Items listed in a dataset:
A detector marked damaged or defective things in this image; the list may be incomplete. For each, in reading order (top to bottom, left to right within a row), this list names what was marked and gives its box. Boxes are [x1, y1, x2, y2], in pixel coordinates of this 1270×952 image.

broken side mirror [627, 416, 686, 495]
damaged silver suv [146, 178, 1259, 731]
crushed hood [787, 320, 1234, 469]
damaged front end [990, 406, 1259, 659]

= DESCRIPTION OF THE TASK =
Transcribe each line of the data exactly, skipping none.

= EXERCISE ANSWER =
A detector marked damaged or defective things in this image; the list may be incomplete. For each, in reading order (top to bottom, left to right within a row), this list names what was marked and gives its box. Boxes are [x1, y1, x2, y2], in pixel coordinates of this 1270×952 image.

broken side mirror [627, 416, 686, 495]
damaged silver suv [146, 178, 1259, 731]
crushed hood [787, 320, 1234, 469]
damaged front end [990, 406, 1259, 659]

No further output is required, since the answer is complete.